La tecnologia ha sì permesso l’avvento del cosiddetto lavoro 24 su 24 – anche il semplice trillo, prova dell’arrivo di una mail che potrà anche essere ignorata, comporterà pensieri e stati di agitazione – ma la separazione fisica tra luogo di lavoro e vita privata lo rendeva ancora ufficialmente un sopruso. La confusione dei due luoghi può rendere naturale quasi amichevole un contatto fuori tempo massimo. Ci si scorda così del diritto a un orario e che a quell’orario corrisponde quella determinata quota di valore determinata nel salario. Anzi si proverà a dire – ci si può scommettere – che quel salario appare, nelle mutate condizioni, ingiustificato. Senza spostamenti la propria abitazione diventa una comodità e così ai costi d’impresa che vengono meno si aggiungerebbe la quota di salario sottratta.
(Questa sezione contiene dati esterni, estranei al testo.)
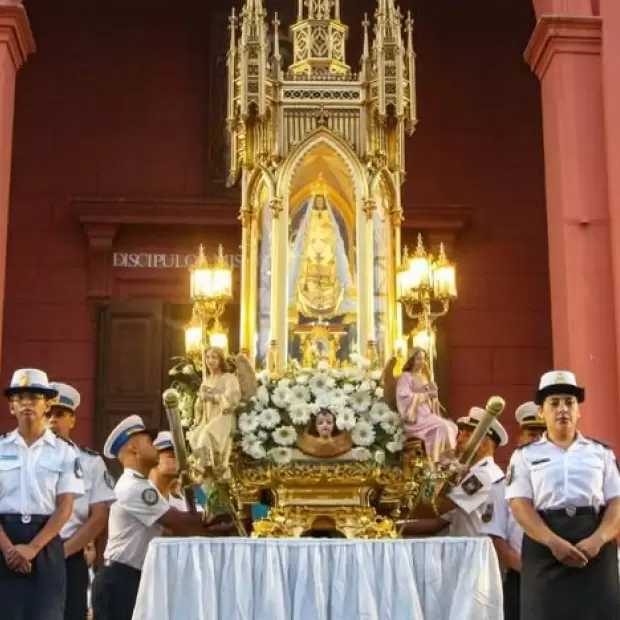 Recorrido de la Procesi�n de la Virgen del Valle y el operativo especial de seguridad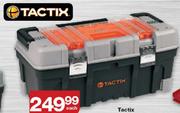 Tactix 57cm Heavy-Duty Plastic Toolbox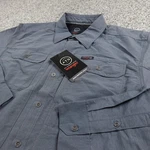 Wrangler Shirt Mens Gray Atg All Terrain Gear Long Sleeve Upf Outdoors Hiking New. Price: $26.99.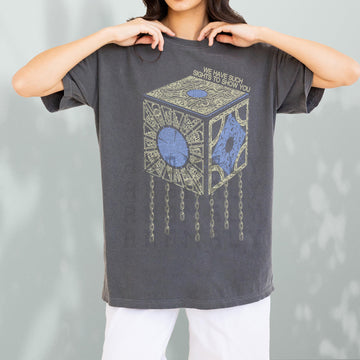 80s Horror Movie Graphic Tee – Lament Configuration Retro Pinhead T-Shirt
Chi sta raccontando lo smart working narra di giornate all’insegna di una nuova alienazione, quando va bene. L’ossessione data dal sovraccarico di tempo dedito alla concentrazione su uno schermo, la consapevolezza di poter essere sempre reperibili e con i propri strumenti di lavoro lì a portata di mano si sommano alla solitudine della propria giornata. Quando va male tutto ciò è aggravato da condizioni familiari oppressive, abitazioni inadeguate, prole numerosa. Altro che Arcadia, si consumano giornate nelle quali lavoro e tempo libero, sonno e veglia, impegno e ristoro assumono contorni indistinguibili.
Ma non è tutto. La propensione dell’impresa nel proporre il lavoro da casa somiglia molto a un manifesto individualista. Il fatto che i lavoratori non si incontrino più in un luogo fisico esalta quella tendenza – facilitata dalla precarizzazione dei contratti e dall’ideologia dell’imprenditore di sé stesso – secondo la quale il rapporto di lavoro si costruisce solo attraverso una contrattazione individuale. La mancanza di vicinanza con i propri colleghi accentua il rischio di psicologizzare l’eventuale fallimento personale o il possibile licenziamento. Quella derivata ideologica che ha permesso di spostare il diritto al lavoro da questione sociale a mera problematica psicologica.
I lavoratori – già immessi nel sistema della concorrenza interna e privati degli strumenti politici collettivi utili alla rivendicazione dei propri diritti – perderebbero totalmente, nell’isolamento casalingo, il controllo sulle eventuali ingiustizie ai danni dei propri colleghi che diventerebbero invisibili. Una chat interna non appare strumento adatto alla crescita della solidarietà. Quello che Sennett ha chiamato “potere senza volto” della nuova impresa si espanderebbe senza limiti. Un demiurgo delle attività produttive protetto dall’anonimato. Con questo non si vuole dire che gli ultimi decenni siano stati caratterizzati da una forte coscienza politica e di classe, anzi.
Si afferma che lo spazio per la rivendicazione collettiva si assottiglierebbe ancora di più, data l’impossibilità per i lavoratori sia di controllare sul campo le vicende aziendali che di riunirsi con facilità per contrastarle ove necessario. Senza una dimensione politica e di conflitto e un conseguente riequilibrio dei rapporti di forza quindi il lavoro da casa – oggi percepito da molti come una grande opportunità e da altri come un insopportabile privilegio in favore di fannulloni patentati – darebbe al capitale l’opportunità di aumentare la quota di profitto, di poter cristallizzare una sorta di taylorismo informatico, di sfiancare qualsiasi germoglio di contestazione organizzata alle decisioni aziendali. Un lavoratore solo, docile, obbligato alla performance chiuso in una nuova alienazione esistenziale.